Day 2 of the Blogrimage
So, last night I was walking around an abandoned house again, same one, but at night. Night changes everything. I’m just gonna let the images speak for themselves, but it was a bit unnerving. Abandoned homes always give me the chills, especially when you hear noises and snaps that older homes make, but you’re suspicious someone else is there too.
here are some of last night’s pictures:
Tis is a lamp in the “abandoned house.” I guess I should rreally say it’s under construction and for some reason they have a fully working bathroom whose lights are left off at night. Strange times, but beggars can’t be choosers, and what little light there was was a relief. It’s not that I’m afraid of the dark, as much as of what’s hiding right outside my perception, potentially watching me. I was nervous because it’s a new experience for me, cavorting around in the night by myself with only a camera on my person. but it was wonderful.
My experience last night was matched by a moment of zen this afternoon. I slowed down and thought a great deal about life, and in that thought, as i was cooking everything became illuminated. In that moment, i was nothing, and the universe froze. I simply was, and it was beautiful.
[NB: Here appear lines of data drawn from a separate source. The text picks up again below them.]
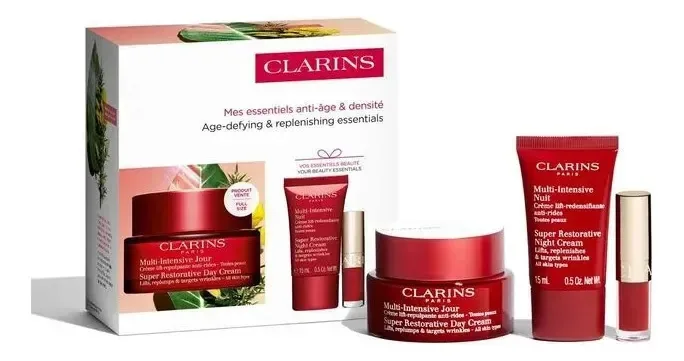 Kit de cuidado com a pele Clarins Multi-Intensive CL80115651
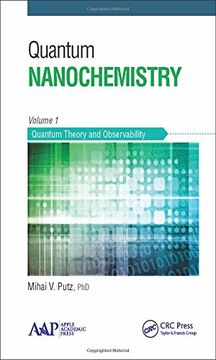 portada Quantum Nanochemistry, Volume One: Quantum Theory and Observability (en Inglés)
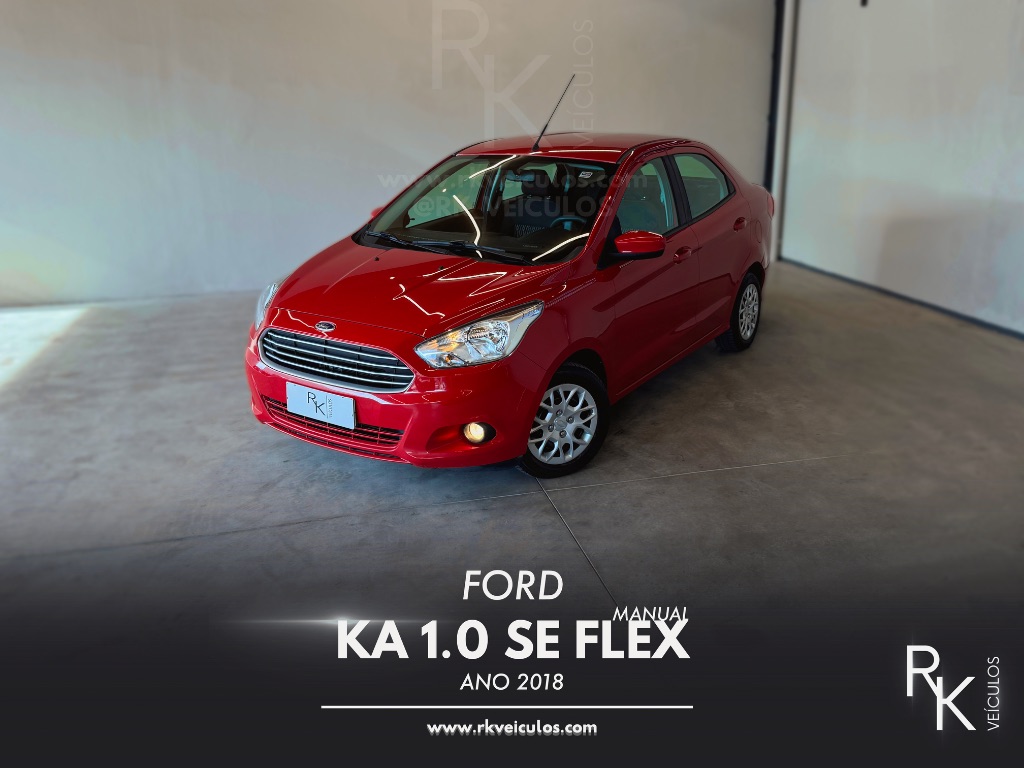 Ka 1.0 SE/SE Plus TiVCT Flex 5p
Cooking can be a grace, the simple raw alchemy of putting together ingredients to satisfy your palate and your sense of accomplishment when successful. Making my cooking today a pilgrimage a sacred journey instead of just another thing to do had a profound impact on me, and i don’t think i will ever look at cookign the same way again.
Here’s a picture of lunch:
I call it italian lo mein. i only use the name lo mein because I mixed a bit of soy sauce into the sauce i used for my noodles. but it was a wonderful dish.
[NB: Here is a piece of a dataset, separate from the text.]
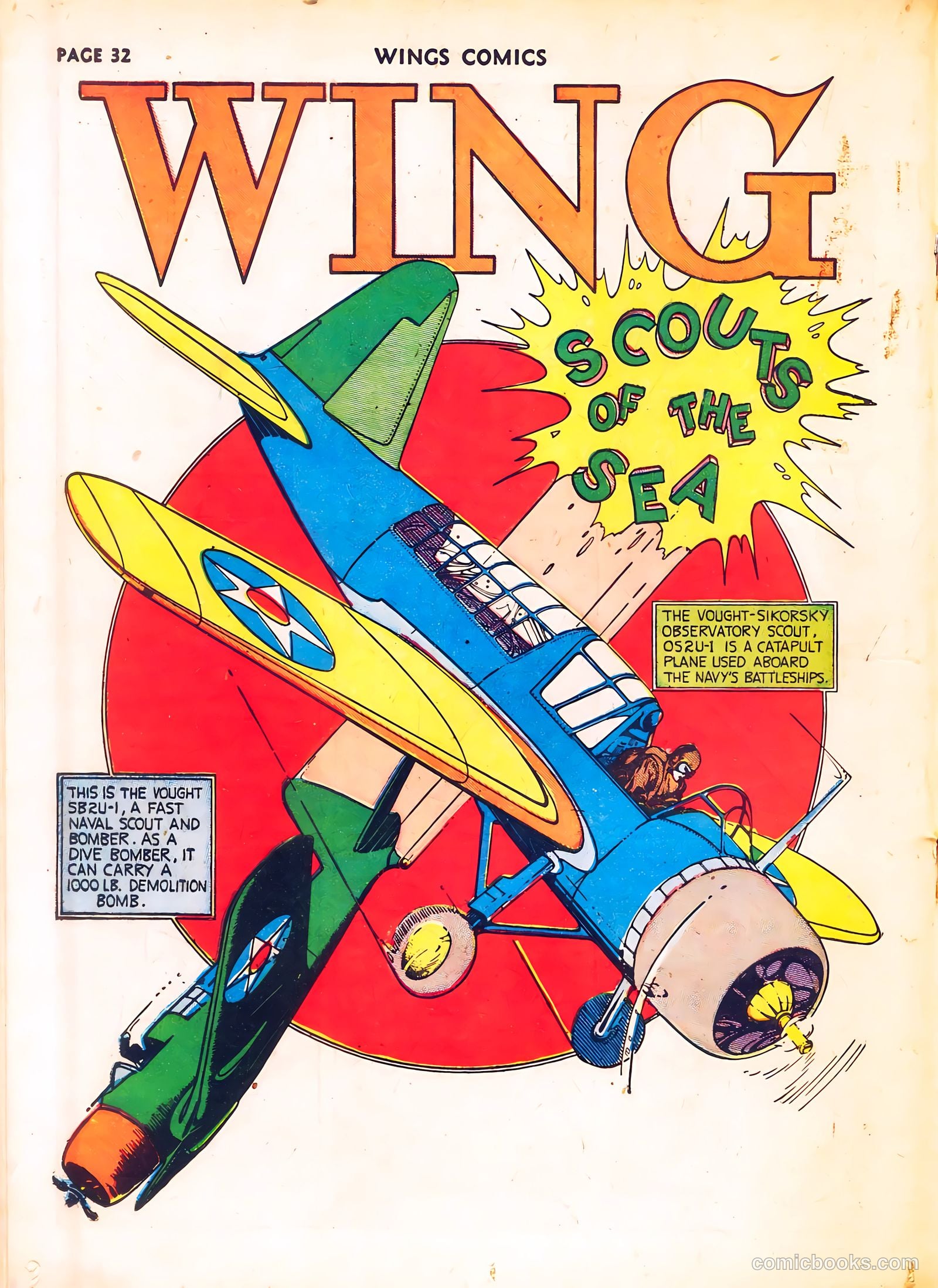 Wings Comics #8 — page 34 of 68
Then, as I was working on some other things, I stopped to check the mail, and lookie what I got:
a belated birthday present, from a dear dear friend. Someone who knows me all too well and knows that I love art, and icons. If you can’t tell it’s ceramic, with a detailed outline and it’s gorgeous. i love it.
But as I stop to pursue lived experience, I’m finding that life is worth living, and everything is beautiful. The pilgrimage of daily life is beginning to make everything spiritual. This is always a good thing.